One of the things that makes ABS an ideal 3D printing material is its high glass transition temperature of 105 °C. This means that an ABS print will not deform even at the standard temperature at which water starts to boil. This is much higher than the glass transition temperature of PLA (65 °C) and PETG (85 °C). If you want to create a 3D printed project that can withstand a temperature of 100 C, then ABS is probably your most accessible option.

There are several alternatives to ABS for high-temperature 3D printing, although these filaments are not so commonly used. Examples include Nylon (260 to 280 °C), Polycarbonate (265 to 300 °C), Amphora (240 to 260 °C), and PEEK (360 to 400 °C). Each one of these filaments has even better thermal stability than ABS, but they are also prone to heavy warping.

A special point of comparison is polypropylene (PP). PP prints between 210 to 230 °C, a range that is almost the same as that of ABS. However, PP is considered one of the most difficult filaments in 3D printing. The semi-crystalline structure of PP makes it less able to redistribute thermal stress as the material cools.

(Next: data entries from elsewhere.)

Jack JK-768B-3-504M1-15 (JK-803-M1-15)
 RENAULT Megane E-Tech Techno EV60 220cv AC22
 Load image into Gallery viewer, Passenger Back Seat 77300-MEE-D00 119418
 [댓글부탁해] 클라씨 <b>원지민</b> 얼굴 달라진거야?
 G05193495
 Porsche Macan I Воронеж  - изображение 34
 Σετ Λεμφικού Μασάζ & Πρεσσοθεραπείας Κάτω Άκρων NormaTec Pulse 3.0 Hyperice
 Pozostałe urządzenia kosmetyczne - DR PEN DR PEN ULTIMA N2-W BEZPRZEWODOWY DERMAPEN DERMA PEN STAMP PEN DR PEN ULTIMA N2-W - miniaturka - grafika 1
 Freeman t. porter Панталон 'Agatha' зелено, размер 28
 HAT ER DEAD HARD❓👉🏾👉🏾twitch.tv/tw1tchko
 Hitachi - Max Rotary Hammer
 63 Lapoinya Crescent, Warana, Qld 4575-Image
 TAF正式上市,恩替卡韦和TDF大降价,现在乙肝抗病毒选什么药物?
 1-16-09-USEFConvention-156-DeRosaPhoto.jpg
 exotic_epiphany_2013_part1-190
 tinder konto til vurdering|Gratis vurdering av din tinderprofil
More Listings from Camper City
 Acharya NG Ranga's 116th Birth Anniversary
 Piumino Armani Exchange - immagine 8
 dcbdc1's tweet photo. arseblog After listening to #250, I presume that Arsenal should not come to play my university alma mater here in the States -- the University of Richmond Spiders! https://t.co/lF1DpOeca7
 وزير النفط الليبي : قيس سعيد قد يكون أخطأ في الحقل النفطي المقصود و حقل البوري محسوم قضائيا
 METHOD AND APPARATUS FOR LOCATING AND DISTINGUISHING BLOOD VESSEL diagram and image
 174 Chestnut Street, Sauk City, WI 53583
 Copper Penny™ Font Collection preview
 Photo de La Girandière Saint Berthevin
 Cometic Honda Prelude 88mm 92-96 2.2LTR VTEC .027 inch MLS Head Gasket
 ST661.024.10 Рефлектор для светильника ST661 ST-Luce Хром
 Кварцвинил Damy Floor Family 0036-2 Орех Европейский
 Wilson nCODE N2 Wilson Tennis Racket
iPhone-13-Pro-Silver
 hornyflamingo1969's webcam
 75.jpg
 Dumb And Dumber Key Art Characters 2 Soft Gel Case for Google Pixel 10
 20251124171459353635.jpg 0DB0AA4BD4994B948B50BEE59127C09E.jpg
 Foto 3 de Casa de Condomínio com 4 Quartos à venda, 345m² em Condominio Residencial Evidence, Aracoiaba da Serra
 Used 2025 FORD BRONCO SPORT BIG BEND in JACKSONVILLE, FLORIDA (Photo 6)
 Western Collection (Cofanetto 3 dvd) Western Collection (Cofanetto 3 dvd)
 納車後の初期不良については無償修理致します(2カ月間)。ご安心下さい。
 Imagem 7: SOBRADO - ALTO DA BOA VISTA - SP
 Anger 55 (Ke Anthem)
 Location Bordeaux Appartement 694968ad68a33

Coupled with poor bed adhesion, PP is a material that takes warping to a whole new level.

Final thoughts

ABS is one of the more well-known filaments in 3D printing. It is also quite notorious as a difficult filament, although it is far from being the most difficult. One cannot question the usefulness of ABS -it is one of the most widely used high-performance plastics today.

The high melting temperature of ABS is one of its most distinguishing characteristics. This gives ABS its distinct thermal stability. However, it also introduces warping into the equation. This is not a problem that is unique with ABS – all filaments that print at high temperatures pose this challenge. If you want to make 3D prints that can withstand extreme temperatures, then you are going to have to learn how to deal with warping.

Warning; 3D printers should never be left unattended. They can pose a firesafety hazard.